§ DATA TO EXAMINE
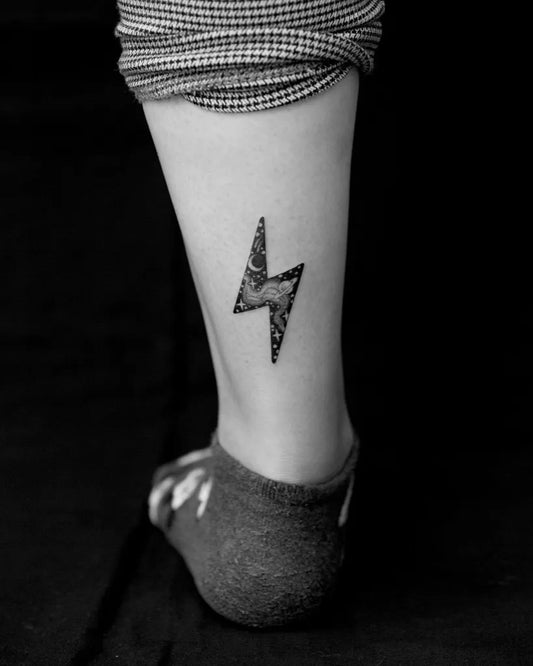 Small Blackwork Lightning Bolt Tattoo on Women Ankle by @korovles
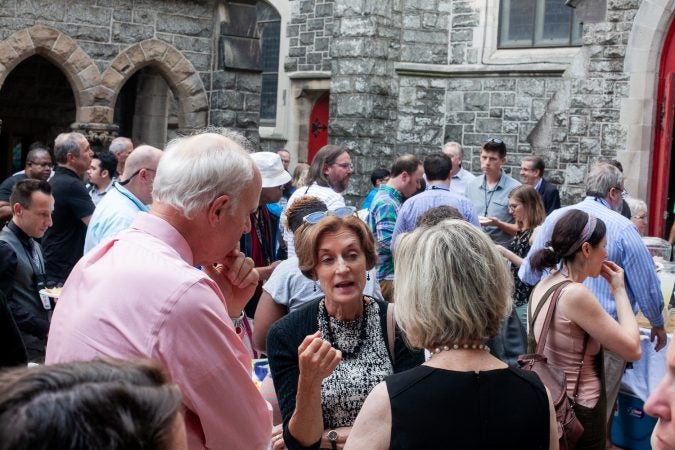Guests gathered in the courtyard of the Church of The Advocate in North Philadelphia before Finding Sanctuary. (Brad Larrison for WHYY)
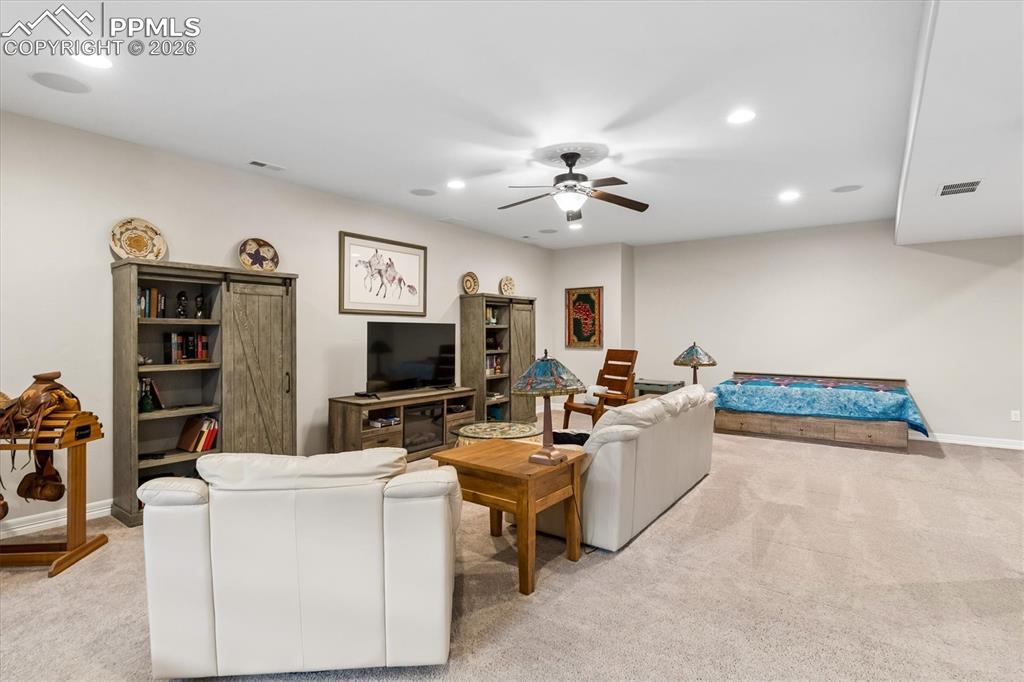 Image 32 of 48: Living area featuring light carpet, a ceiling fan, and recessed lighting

==

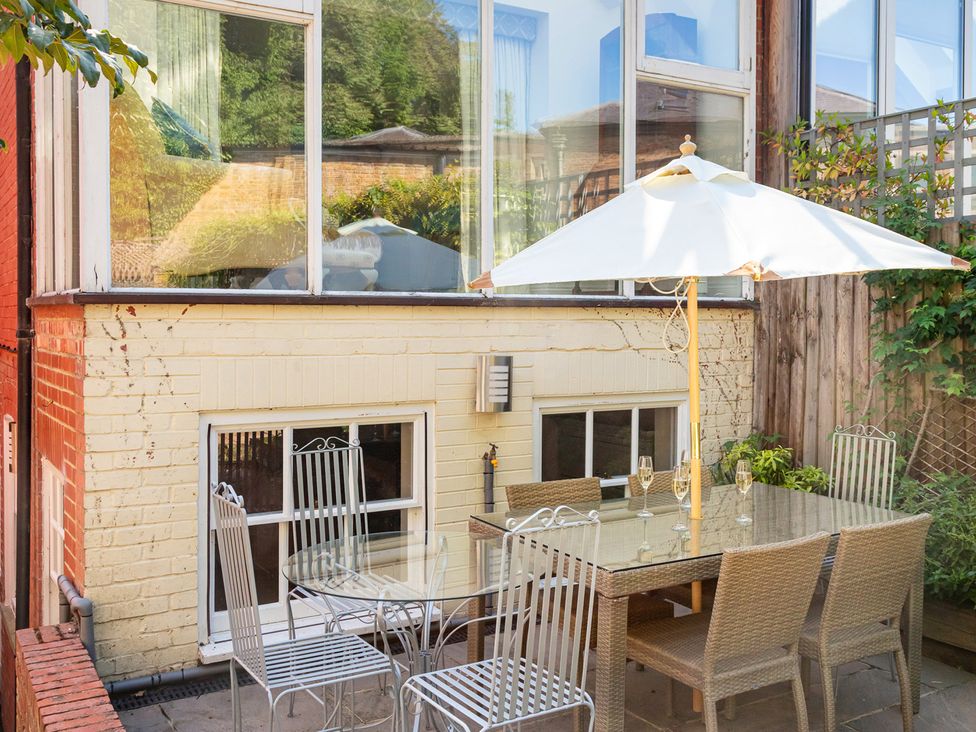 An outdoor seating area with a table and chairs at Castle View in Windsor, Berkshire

§ EXERCISE
Exactly as written above, retype the lines starting at the one holding "Small Blackwork Lightning" and ending at the one holding "Image 32 of", both included, but not the pictures.

§ COMPLETED EXERCISE
 Small Blackwork Lightning Bolt Tattoo on Women Ankle by @korovles
Guests gathered in the courtyard of the Church of The Advocate in North Philadelphia before Finding Sanctuary. (Brad Larrison for WHYY)
 Image 32 of 48: Living area featuring light carpet, a ceiling fan, and recessed lighting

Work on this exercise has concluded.